Reagan plan to help minority businesses is short on success stories

The Reagan administration has redesigned and redefined its program to upgrade minority businesses, but faces the obstacles of pessimism within the minority sector, a budgetary decrease for its program, and the general ailments of a troubled economy.

''We need success stories,'' says the man charged with carrying out White House policy, Victor Rivera, director of the Minority Business Development Agency (MBDA) of the US Department of Commerce.

The agency's job, he recently told a group of local black and Hispanic leaders in Boston, is to beat the statistics -- 600,000 minority businesses in the nation, with only 20 percent employing nonfamily members; an ''extremely high'' failure rate for new businesses; and lack of investment in minority communities.

So far, the successes are slow in coming. And Mr. Rivera, who is beating the urban wastelands of boarded up inner cities to push the administration's programs, is encountering minority reactions ranging from cautious optimism to outright pessimism. One reason for the lack of enthusiasm: the agency's budget is being trimmed from $59.6 million in fiscal 1981 to $56.6 million in 1982 and a projected $55 million in 1983. The administration is attempting to convince states to make up the funding loss.

Mr. Rivera lists as key MBDA tools to encourage development of minority businesses:

* Interagency Council of Minority Business Enterprise -- coordinates the participation of 26 federal agencies to sign more contracts and conduct demonstration projects with minority firms, as well as to provide them with technical and management assistance.

* General Business Services program -- an agency that signs contracts with professional consulting firms to provide financial analysis, marketing, sales, accounting, and procurement assistance to MBDA clients. It advocates the marketing of new products.

* National Minority Supply Development Council -- an organization that works with corporations to lend its resources to helping minority businesses. ''The MBDA is not a social program; it seeks to help minority enterprise become part of the American economic mainstream. Corporate expertise can be utilized to help us achieve our goals.''

* Minority Business Opportunity Committee -- an MBDA network between the public sector and minority firms. The New England committee was host to Mr. Rivera on his visit to Boston, arranging for him to meet with minority entrepreneurs and cooperating federal agencies and corporate officials.

Third quarter 1981 MBDA totals seem impressive. The agency has helped start 80 new minority businesses and encouraged government agencies to purchase $429 million worth of their products and services. But the MBDA has been able to assist only some 20 percent of the firms seeking help, and its service centers have been reduced from 171 to 48, says Robert Ochoa, MBDA information chief.

Also, the agency has not yet helped its clients to acquire a large, mainstream firm, although one such acquisition is in ''near completion'' negotiation stages.

Critics doubt the situation will improve next year.

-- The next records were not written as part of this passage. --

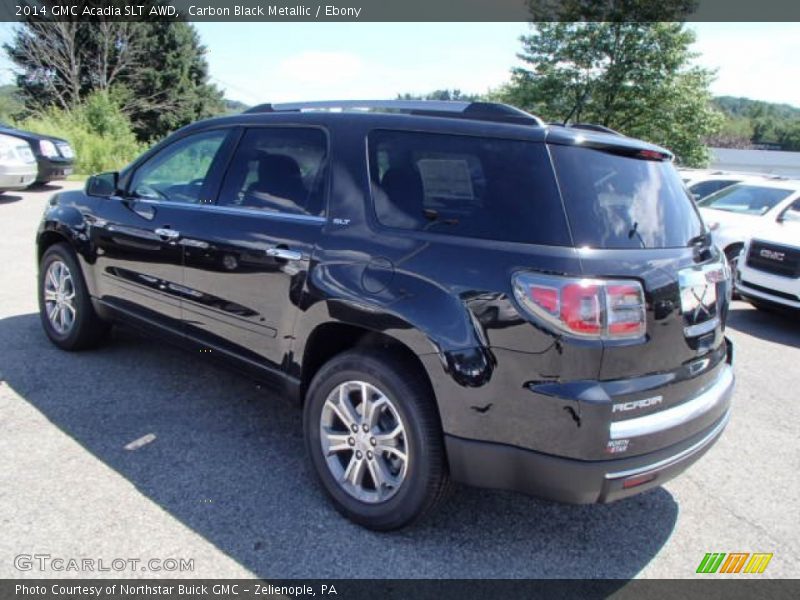 Carbon Black Metallic / Ebony 2014 GMC Acadia SLT AWD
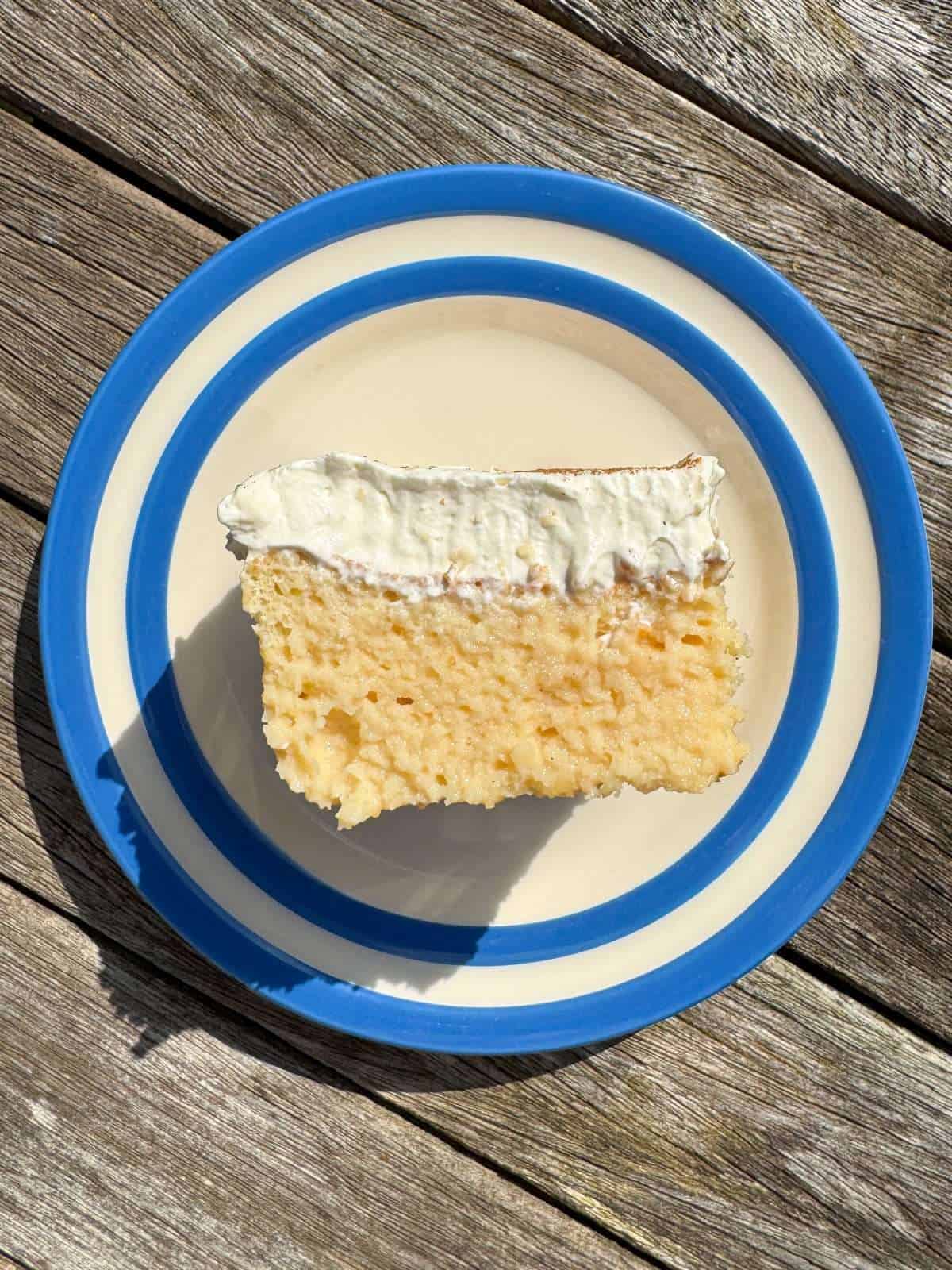slice of tres leches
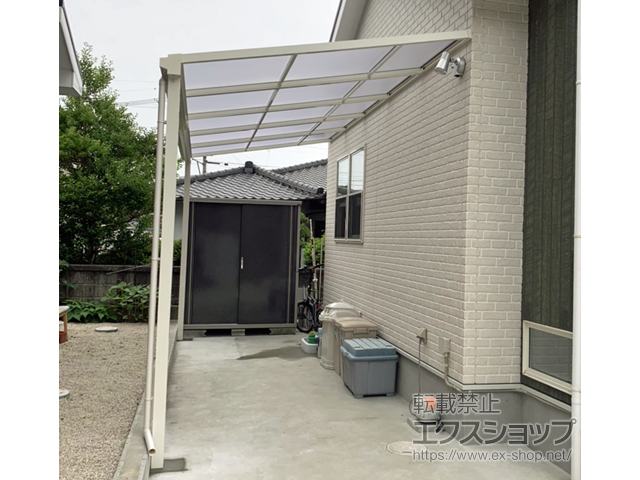 福岡県飯塚市ののテラス屋根 ソラリア F型 テラスタイプ 単体 積雪〜20cm対応 施工例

''Measured by almost any traditional standard, 1981 has been an unusually volatile year for the US economy and an unencouraging period for blacks and other minorities engaged in business enterprise,'' says Theodore R. Hagans Jr., president of the National Business League (NBL), the nation's oldest and largest organization of minority entrepreneurs.

''This situation is certain to present substantial obstacles to minority business expansion in 1982,'' he says. ''Without the inclusion of blacks on the national economic agenda, this nation cannot achieve its fullest economic potential, nor hope to succeed on its journey to economic recovery.''

The one Reagan program showing progress is the marketing of new products through technological commercialization centers. Its prize package is the Kibbie Corporation in Abbeville, La., which produces the ''kibbie kapsule,'' an invention that detects oil pipe leaks ''as small as a pinhole,'' invented by Kibbie Pillette, a black engineer.

''Mr. Pillette could not get a dollar from a bank nor a nibble from an oil company,'' says an MBDA spokesman. But an MBDA agent developed a $250,000 financial package for Mr. Pillette.